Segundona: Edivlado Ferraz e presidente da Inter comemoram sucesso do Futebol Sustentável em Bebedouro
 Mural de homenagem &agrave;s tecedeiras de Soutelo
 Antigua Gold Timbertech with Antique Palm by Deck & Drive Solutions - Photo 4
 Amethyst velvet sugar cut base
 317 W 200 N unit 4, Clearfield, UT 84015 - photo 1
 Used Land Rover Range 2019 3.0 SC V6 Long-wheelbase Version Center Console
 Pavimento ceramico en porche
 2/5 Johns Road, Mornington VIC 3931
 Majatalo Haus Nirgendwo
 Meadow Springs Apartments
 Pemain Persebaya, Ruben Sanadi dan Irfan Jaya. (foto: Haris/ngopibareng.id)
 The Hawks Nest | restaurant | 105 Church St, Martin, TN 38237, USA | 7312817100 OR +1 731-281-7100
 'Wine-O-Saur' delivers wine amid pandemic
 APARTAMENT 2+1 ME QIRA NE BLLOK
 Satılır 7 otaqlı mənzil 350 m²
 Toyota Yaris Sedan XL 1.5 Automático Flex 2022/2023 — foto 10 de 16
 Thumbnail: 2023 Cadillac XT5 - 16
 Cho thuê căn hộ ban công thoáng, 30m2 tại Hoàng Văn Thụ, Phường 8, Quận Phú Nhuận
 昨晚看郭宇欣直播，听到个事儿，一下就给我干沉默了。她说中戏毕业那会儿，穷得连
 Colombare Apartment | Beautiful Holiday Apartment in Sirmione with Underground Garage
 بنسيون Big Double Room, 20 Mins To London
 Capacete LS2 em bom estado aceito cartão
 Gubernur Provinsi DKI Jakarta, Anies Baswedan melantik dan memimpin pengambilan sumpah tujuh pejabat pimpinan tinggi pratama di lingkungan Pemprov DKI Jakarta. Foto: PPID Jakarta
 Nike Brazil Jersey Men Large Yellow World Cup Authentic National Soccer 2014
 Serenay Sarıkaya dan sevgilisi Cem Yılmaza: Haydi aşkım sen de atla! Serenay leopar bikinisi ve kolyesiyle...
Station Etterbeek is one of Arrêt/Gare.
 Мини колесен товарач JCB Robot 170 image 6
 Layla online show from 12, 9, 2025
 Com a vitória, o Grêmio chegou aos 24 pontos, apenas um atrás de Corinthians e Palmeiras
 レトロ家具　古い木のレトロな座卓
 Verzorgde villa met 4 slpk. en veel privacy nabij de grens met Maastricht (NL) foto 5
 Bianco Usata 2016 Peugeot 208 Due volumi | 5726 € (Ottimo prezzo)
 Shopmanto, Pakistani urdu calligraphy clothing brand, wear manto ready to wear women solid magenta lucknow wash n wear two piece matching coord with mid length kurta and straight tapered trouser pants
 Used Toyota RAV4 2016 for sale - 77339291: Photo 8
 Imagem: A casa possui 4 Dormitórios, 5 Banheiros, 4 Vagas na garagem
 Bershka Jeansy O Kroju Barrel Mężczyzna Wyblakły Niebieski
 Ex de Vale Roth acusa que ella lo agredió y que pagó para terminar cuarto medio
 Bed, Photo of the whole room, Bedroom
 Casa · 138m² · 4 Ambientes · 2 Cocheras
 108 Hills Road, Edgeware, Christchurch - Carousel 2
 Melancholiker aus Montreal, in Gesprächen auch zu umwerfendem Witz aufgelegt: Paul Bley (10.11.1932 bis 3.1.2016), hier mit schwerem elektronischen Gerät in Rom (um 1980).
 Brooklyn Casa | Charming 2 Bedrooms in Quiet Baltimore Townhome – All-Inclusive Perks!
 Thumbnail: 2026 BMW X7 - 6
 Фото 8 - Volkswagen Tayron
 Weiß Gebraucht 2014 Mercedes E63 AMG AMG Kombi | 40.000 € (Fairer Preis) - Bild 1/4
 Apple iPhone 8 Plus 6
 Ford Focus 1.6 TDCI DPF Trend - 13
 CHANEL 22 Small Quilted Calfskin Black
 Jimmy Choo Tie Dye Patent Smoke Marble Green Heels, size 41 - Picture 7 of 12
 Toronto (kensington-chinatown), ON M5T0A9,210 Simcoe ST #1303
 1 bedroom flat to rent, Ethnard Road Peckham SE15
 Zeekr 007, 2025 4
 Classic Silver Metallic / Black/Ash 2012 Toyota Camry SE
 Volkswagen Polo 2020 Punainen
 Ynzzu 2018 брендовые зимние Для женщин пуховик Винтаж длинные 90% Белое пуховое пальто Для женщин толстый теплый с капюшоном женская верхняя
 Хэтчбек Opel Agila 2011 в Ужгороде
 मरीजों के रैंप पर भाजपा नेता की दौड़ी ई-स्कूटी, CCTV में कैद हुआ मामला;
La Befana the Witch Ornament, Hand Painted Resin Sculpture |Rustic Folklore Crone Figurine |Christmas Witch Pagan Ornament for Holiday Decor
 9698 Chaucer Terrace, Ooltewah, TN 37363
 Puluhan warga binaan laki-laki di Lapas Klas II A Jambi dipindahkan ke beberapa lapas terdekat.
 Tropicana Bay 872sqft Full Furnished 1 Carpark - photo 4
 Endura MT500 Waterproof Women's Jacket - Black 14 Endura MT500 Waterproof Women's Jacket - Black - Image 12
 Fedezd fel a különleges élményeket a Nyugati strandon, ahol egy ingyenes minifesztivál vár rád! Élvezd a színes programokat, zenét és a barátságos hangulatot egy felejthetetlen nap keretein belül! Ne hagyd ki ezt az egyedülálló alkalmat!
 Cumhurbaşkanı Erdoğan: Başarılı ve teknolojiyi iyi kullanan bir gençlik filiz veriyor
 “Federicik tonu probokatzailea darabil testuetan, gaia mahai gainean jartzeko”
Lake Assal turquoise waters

■ Work required
All of the material above needs to be copied exactly.

■ Task solution
Segundona: Edivlado Ferraz e presidente da Inter comemoram sucesso do Futebol Sustentável em Bebedouro
 Mural de homenagem &agrave;s tecedeiras de Soutelo
 Antigua Gold Timbertech with Antique Palm by Deck & Drive Solutions - Photo 4
 Amethyst velvet sugar cut base
 317 W 200 N unit 4, Clearfield, UT 84015 - photo 1
 Used Land Rover Range 2019 3.0 SC V6 Long-wheelbase Version Center Console
 Pavimento ceramico en porche
 2/5 Johns Road, Mornington VIC 3931
 Majatalo Haus Nirgendwo
 Meadow Springs Apartments
 Pemain Persebaya, Ruben Sanadi dan Irfan Jaya. (foto: Haris/ngopibareng.id)
 The Hawks Nest | restaurant | 105 Church St, Martin, TN 38237, USA | 7312817100 OR +1 731-281-7100
 'Wine-O-Saur' delivers wine amid pandemic
 APARTAMENT 2+1 ME QIRA NE BLLOK
 Satılır 7 otaqlı mənzil 350 m²
 Toyota Yaris Sedan XL 1.5 Automático Flex 2022/2023 — foto 10 de 16
 Thumbnail: 2023 Cadillac XT5 - 16
 Cho thuê căn hộ ban công thoáng, 30m2 tại Hoàng Văn Thụ, Phường 8, Quận Phú Nhuận
 昨晚看郭宇欣直播，听到个事儿，一下就给我干沉默了。她说中戏毕业那会儿，穷得连
 Colombare Apartment | Beautiful Holiday Apartment in Sirmione with Underground Garage
 بنسيون Big Double Room, 20 Mins To London
 Capacete LS2 em bom estado aceito cartão
 Gubernur Provinsi DKI Jakarta, Anies Baswedan melantik dan memimpin pengambilan sumpah tujuh pejabat pimpinan tinggi pratama di lingkungan Pemprov DKI Jakarta. Foto: PPID Jakarta
 Nike Brazil Jersey Men Large Yellow World Cup Authentic National Soccer 2014
 Serenay Sarıkaya dan sevgilisi Cem Yılmaza: Haydi aşkım sen de atla! Serenay leopar bikinisi ve kolyesiyle...
Station Etterbeek is one of Arrêt/Gare.
 Мини колесен товарач JCB Robot 170 image 6
 Layla online show from 12, 9, 2025
 Com a vitória, o Grêmio chegou aos 24 pontos, apenas um atrás de Corinthians e Palmeiras
 レトロ家具　古い木のレトロな座卓
 Verzorgde villa met 4 slpk. en veel privacy nabij de grens met Maastricht (NL) foto 5
 Bianco Usata 2016 Peugeot 208 Due volumi | 5726 € (Ottimo prezzo)
 Shopmanto, Pakistani urdu calligraphy clothing brand, wear manto ready to wear women solid magenta lucknow wash n wear two piece matching coord with mid length kurta and straight tapered trouser pants
 Used Toyota RAV4 2016 for sale - 77339291: Photo 8
 Imagem: A casa possui 4 Dormitórios, 5 Banheiros, 4 Vagas na garagem
 Bershka Jeansy O Kroju Barrel Mężczyzna Wyblakły Niebieski
 Ex de Vale Roth acusa que ella lo agredió y que pagó para terminar cuarto medio
 Bed, Photo of the whole room, Bedroom
 Casa · 138m² · 4 Ambientes · 2 Cocheras
 108 Hills Road, Edgeware, Christchurch - Carousel 2
 Melancholiker aus Montreal, in Gesprächen auch zu umwerfendem Witz aufgelegt: Paul Bley (10.11.1932 bis 3.1.2016), hier mit schwerem elektronischen Gerät in Rom (um 1980).
 Brooklyn Casa | Charming 2 Bedrooms in Quiet Baltimore Townhome – All-Inclusive Perks!
 Thumbnail: 2026 BMW X7 - 6
 Фото 8 - Volkswagen Tayron
 Weiß Gebraucht 2014 Mercedes E63 AMG AMG Kombi | 40.000 € (Fairer Preis) - Bild 1/4
 Apple iPhone 8 Plus 6
 Ford Focus 1.6 TDCI DPF Trend - 13
 CHANEL 22 Small Quilted Calfskin Black
 Jimmy Choo Tie Dye Patent Smoke Marble Green Heels, size 41 - Picture 7 of 12
 Toronto (kensington-chinatown), ON M5T0A9,210 Simcoe ST #1303
 1 bedroom flat to rent, Ethnard Road Peckham SE15
 Zeekr 007, 2025 4
 Classic Silver Metallic / Black/Ash 2012 Toyota Camry SE
 Volkswagen Polo 2020 Punainen
 Ynzzu 2018 брендовые зимние Для женщин пуховик Винтаж длинные 90% Белое пуховое пальто Для женщин толстый теплый с капюшоном женская верхняя
 Хэтчбек Opel Agila 2011 в Ужгороде
 मरीजों के रैंप पर भाजपा नेता की दौड़ी ई-स्कूटी, CCTV में कैद हुआ मामला;
La Befana the Witch Ornament, Hand Painted Resin Sculpture |Rustic Folklore Crone Figurine |Christmas Witch Pagan Ornament for Holiday Decor
 9698 Chaucer Terrace, Ooltewah, TN 37363
 Puluhan warga binaan laki-laki di Lapas Klas II A Jambi dipindahkan ke beberapa lapas terdekat.
 Tropicana Bay 872sqft Full Furnished 1 Carpark - photo 4
 Endura MT500 Waterproof Women's Jacket - Black 14 Endura MT500 Waterproof Women's Jacket - Black - Image 12
 Fedezd fel a különleges élményeket a Nyugati strandon, ahol egy ingyenes minifesztivál vár rád! Élvezd a színes programokat, zenét és a barátságos hangulatot egy felejthetetlen nap keretein belül! Ne hagyd ki ezt az egyedülálló alkalmat!
 Cumhurbaşkanı Erdoğan: Başarılı ve teknolojiyi iyi kullanan bir gençlik filiz veriyor
 “Federicik tonu probokatzailea darabil testuetan, gaia mahai gainean jartzeko”
Lake Assal turquoise waters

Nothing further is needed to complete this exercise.